ACTIVITY:
Print only what runs from the line that includes "The image shows" to the end of the listing, word for word, and do not include any pictures.

[[ GIVEN DATA, beginning ]]

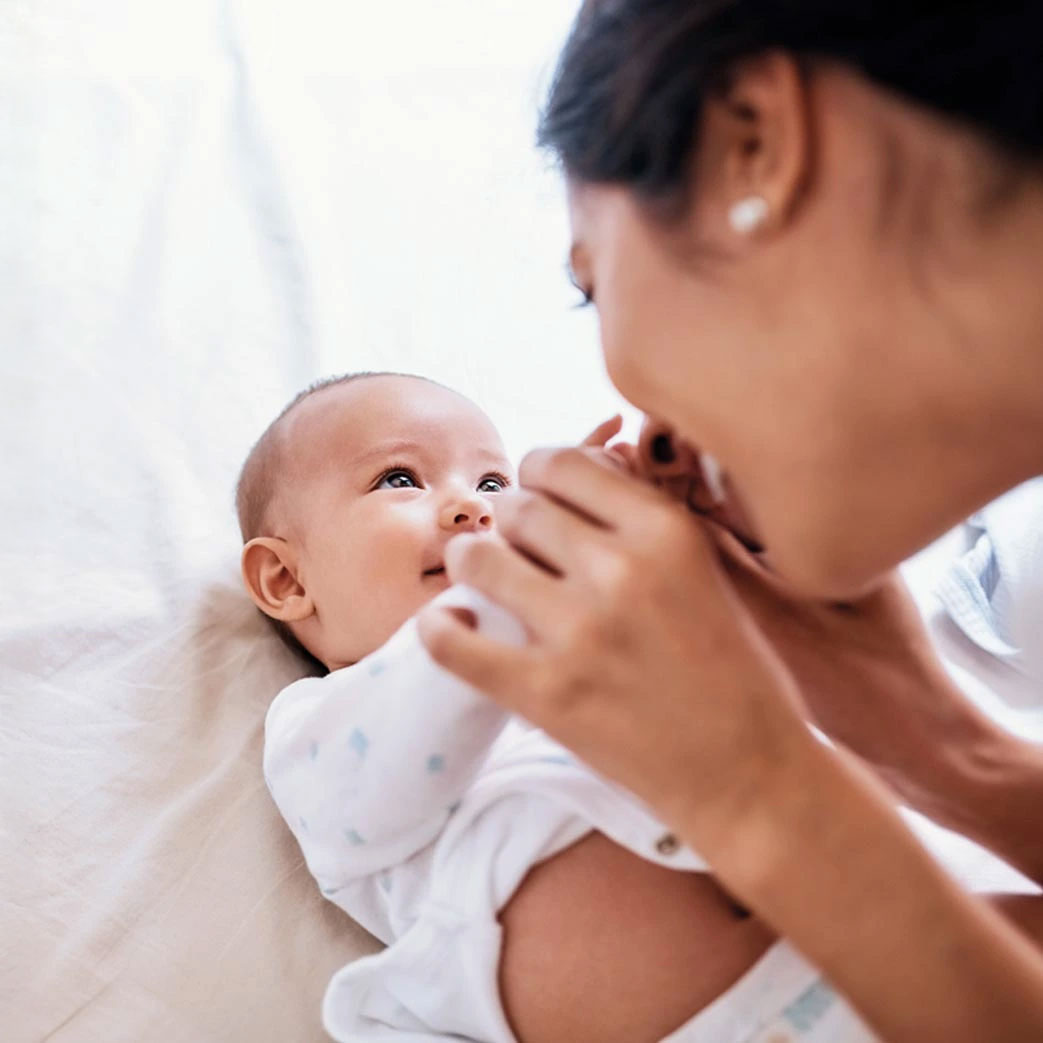 Mother cuddling smiling baby on white bed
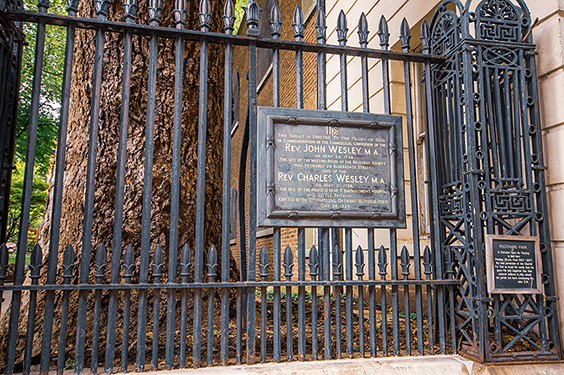 The image shows a metal gate with two plaques mounted on it. The plaques commemorate Rev. John Wesley, M.A., and Rev. Charles Wesley, M.A., noting their significant contributions and roles in religious and educational fields. The gate is part of a historical site, likely a church or educational institution, and is surrounded by trees.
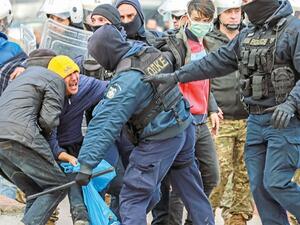 Riot police scuffle with migrants during a demonstration outside the municipal theatre of the city of Mytilene, on the island of Lesbos, on Tuesday. — AFP photo
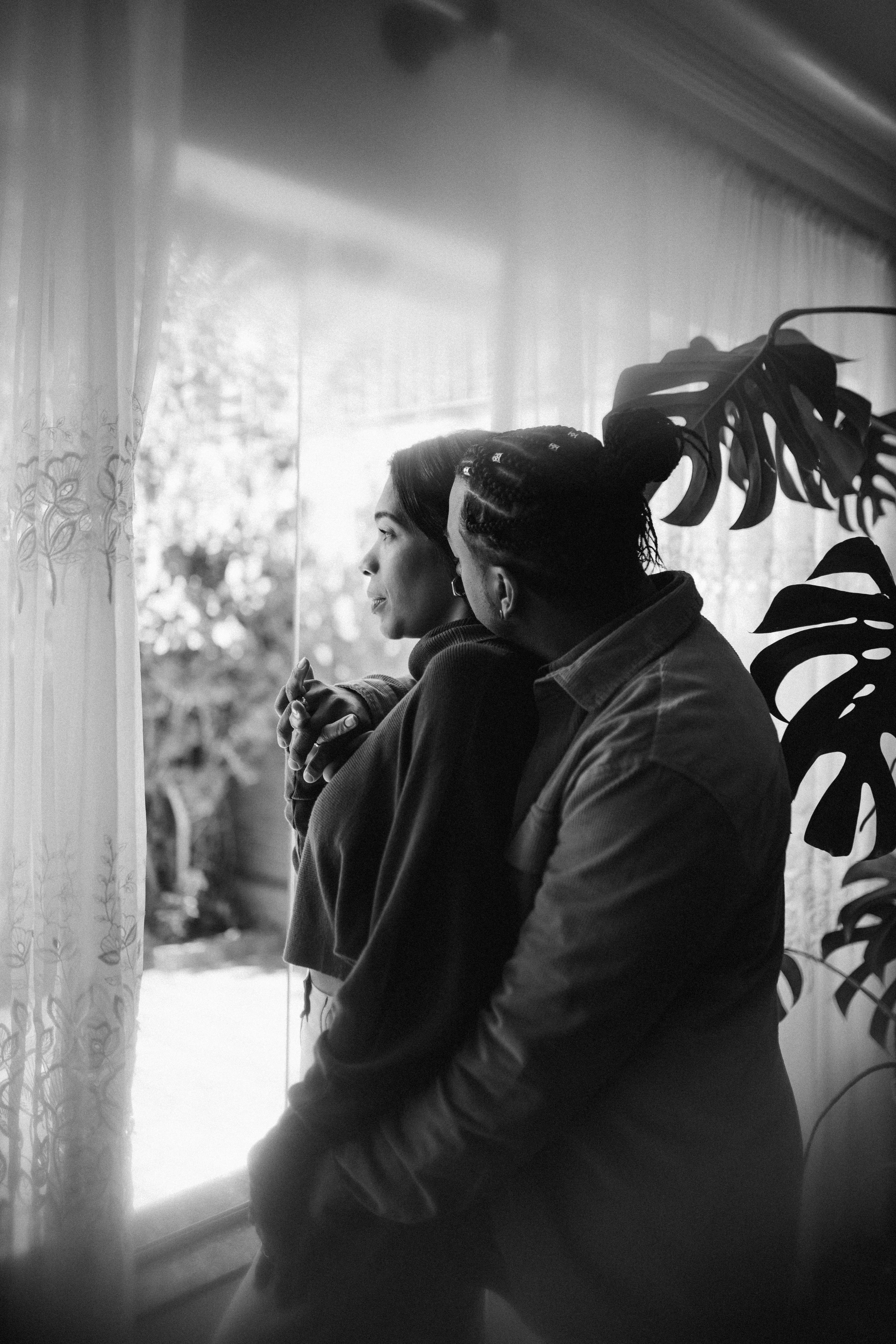 Fotografia em preto e branco de Erik abraçando Paula junto à janela.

[[ GIVEN DATA, end ]]

RESPONSE AREA:
 The image shows a metal gate with two plaques mounted on it. The plaques commemorate Rev. John Wesley, M.A., and Rev. Charles Wesley, M.A., noting their significant contributions and roles in religious and educational fields. The gate is part of a historical site, likely a church or educational institution, and is surrounded by trees.
 Riot police scuffle with migrants during a demonstration outside the municipal theatre of the city of Mytilene, on the island of Lesbos, on Tuesday. — AFP photo
 Fotografia em preto e branco de Erik abraçando Paula junto à janela.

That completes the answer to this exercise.